What the task asks:
Lines to return, exactly: from the line with "It seems like" to the line with "Square, square, it's a square, like" in the entries below, both included.
(Information)
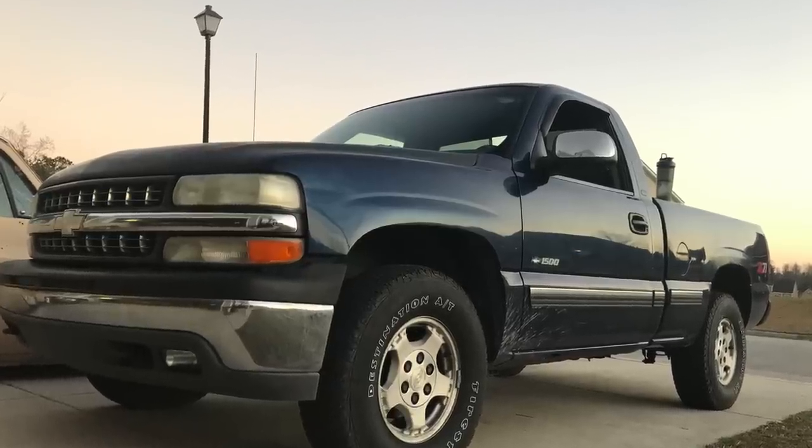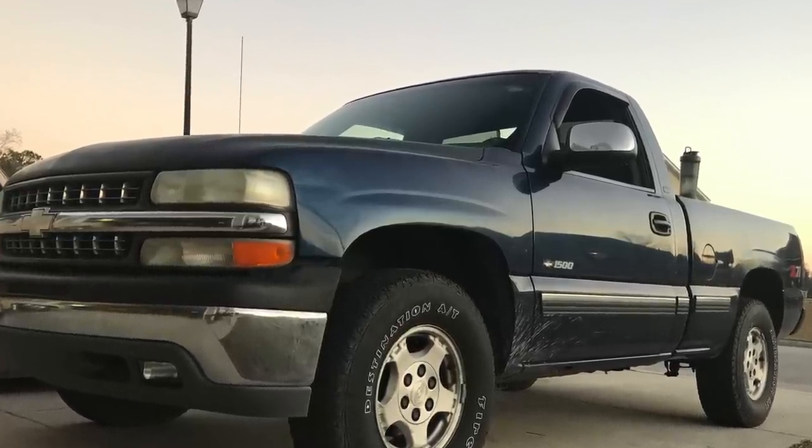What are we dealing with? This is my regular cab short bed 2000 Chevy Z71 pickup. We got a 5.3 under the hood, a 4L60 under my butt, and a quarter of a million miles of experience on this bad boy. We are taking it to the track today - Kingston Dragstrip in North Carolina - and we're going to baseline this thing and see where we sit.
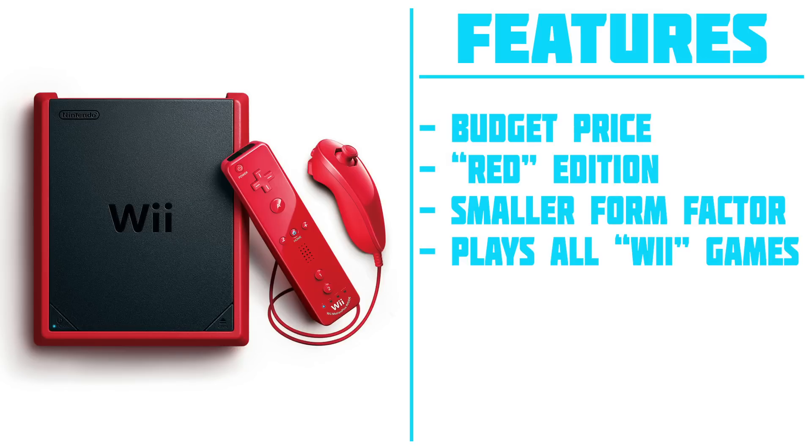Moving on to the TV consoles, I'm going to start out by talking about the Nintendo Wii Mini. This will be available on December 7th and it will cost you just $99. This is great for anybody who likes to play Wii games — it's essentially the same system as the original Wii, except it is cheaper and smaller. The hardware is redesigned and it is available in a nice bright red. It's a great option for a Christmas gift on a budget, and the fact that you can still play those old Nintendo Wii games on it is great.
(End Information)
(Information)
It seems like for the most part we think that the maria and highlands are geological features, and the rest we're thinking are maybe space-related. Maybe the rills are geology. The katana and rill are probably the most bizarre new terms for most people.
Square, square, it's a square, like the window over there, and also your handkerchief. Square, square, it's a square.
(End Information)
Response for this exercise:
It seems like for the most part we think that the maria and highlands are geological features, and the rest we're thinking are maybe space-related. Maybe the rills are geology. The katana and rill are probably the most bizarre new terms for most people.
Square, square, it's a square, like the window over there, and also your handkerchief. Square, square, it's a square.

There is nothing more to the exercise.